The nodes $A$,$B$ are independent, and node $C$ depends on both (I understand this may be an example of what's called a directed acyclic graph, if that is important). Let $P(A) = 0.3$, let $P(B) = 0.01$, and the let the probability of $C$ given $A$ and $B$ are true be $P(C|A,B) = 0.5$. So find $P(C)$. I believe (please correct me) that

$$P(C) = P(C|A,B)P(A)P(B) = 0.0015$$

or something like that.

That may be wrong, but that's what I'm interested in, and how to generalize these dependencies to a larger graph. And (2) -- this something that might be too complicated for a crash course -- I'm also interested in what happens if say, $A$ and $B$ in the example above were both dependent on each other, breaking the "directed acyclicness" of the graph.

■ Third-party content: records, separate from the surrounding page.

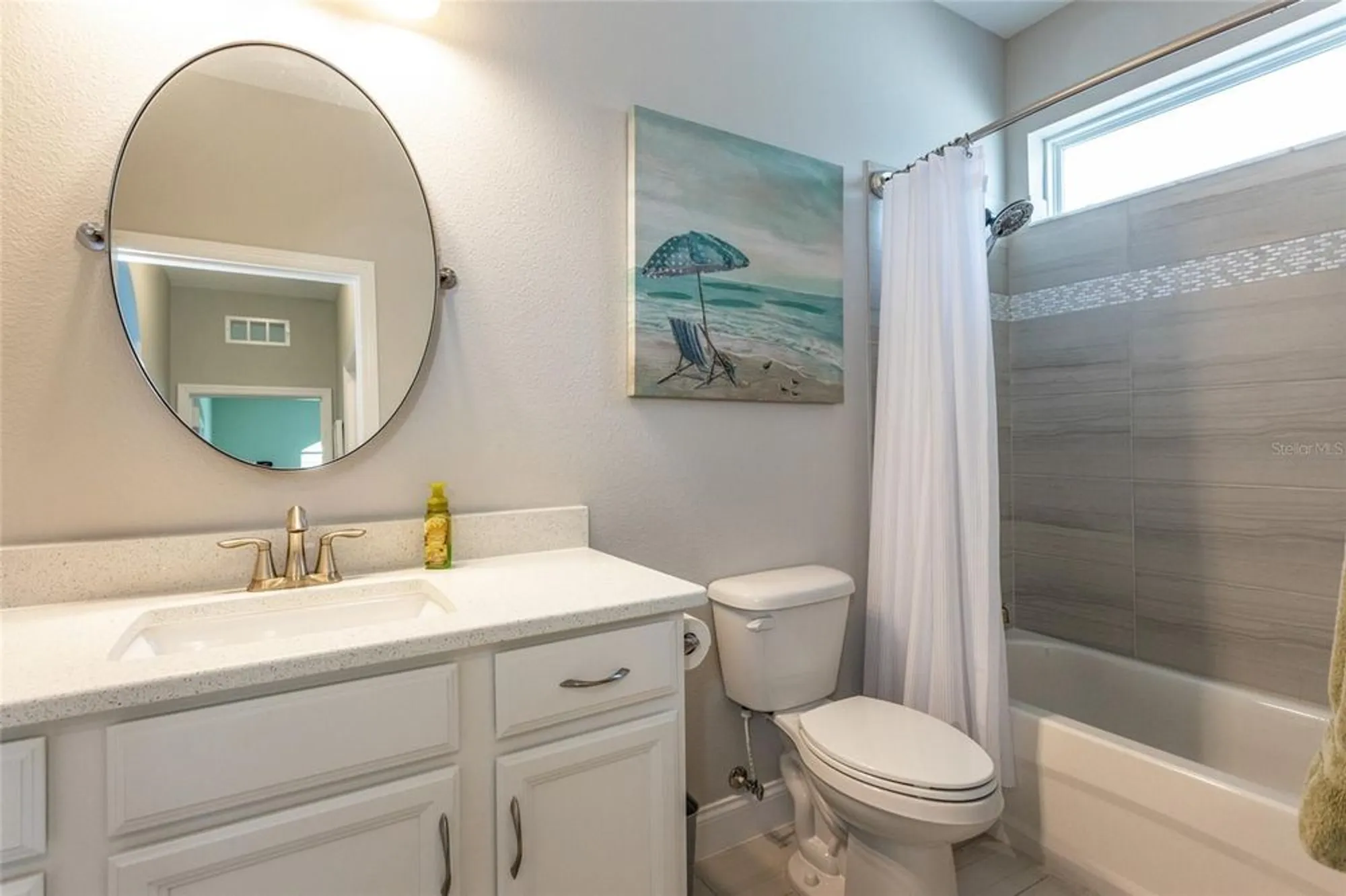 Property Slideshow image 19 of 40 | 11 tideway trl, Palm Coast, FL, 32137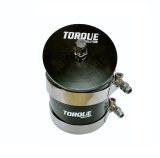 Torque Solution Boost Leak Tester Universal thumbnail 3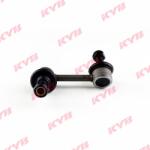 KYB Brat/bieleta suspensie, stabilizator KYB KSLR1049 (KSLR1049)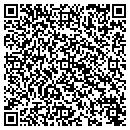 QR code with Lyric Ensemble contacts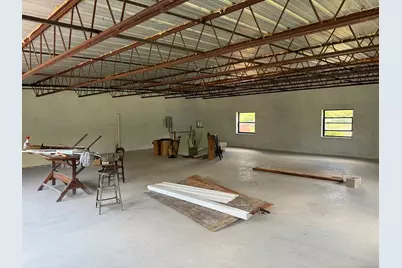 649 Captain Neville Drive, Waterbury, CT 06705 - Photo 25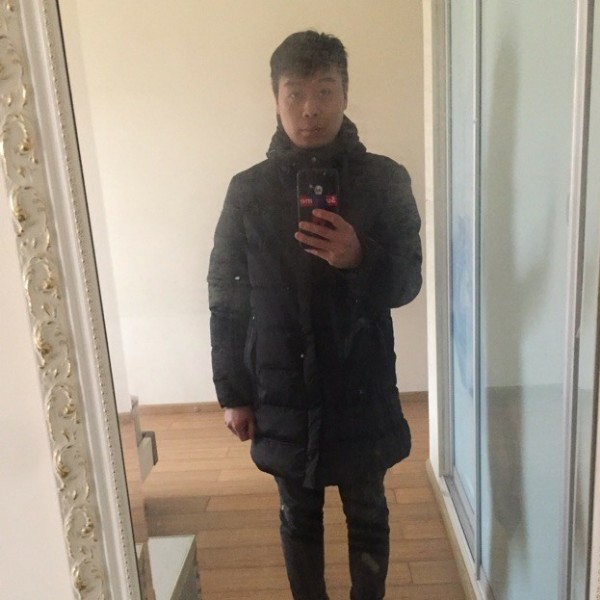 我是你超哥的照片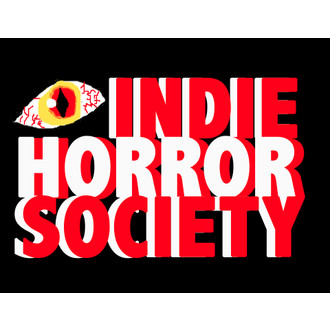 LA Indie Horror Fest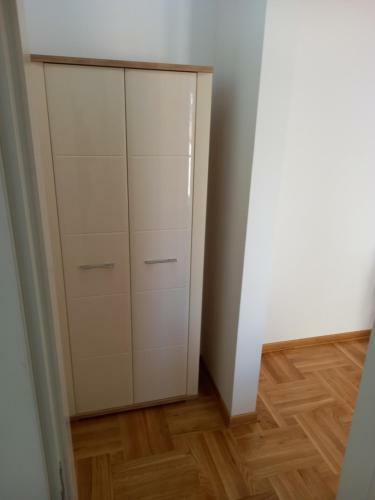 Apartamento Leonora & Free Parking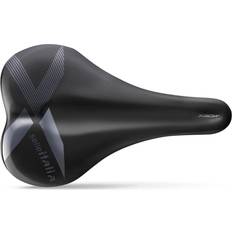 Selle Italia X-Bow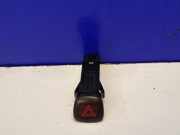 Schalter für Warnblinker Volvo S80 I (184) 9168302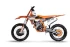Мотоцикл BRZ MX8 NX250 24 Мотоцикл BRZ MX8 NX250 24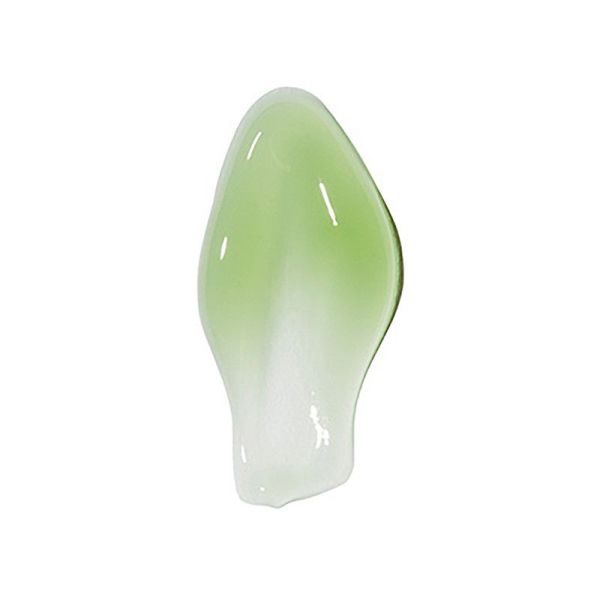 Skinceuticals Phyto corrective masque apaisant multi-actions 60ml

Also, comment on notation. Thank you!


Edit: I was way off in how I understood what I was looking for. The type of dependencies associated with the nodes I described above rely on truth tables. For example, $A$'s probability distribution:

$$ D(A) = \begin{array}{c|c} \text{True} & \text{False} \\ \hline 0.3 & 0.7 \end{array}, \quad D(B) = \begin{array}{c|c} \text{True} & \text{False} \\ \hline 0.01 & 0.99 \end{array} $$

And $C$'s (in percentages)

enter image description here

Then without observable evidence, the probability that $C$ is true is $ \approx 0.9688$. How does one arrive at that value?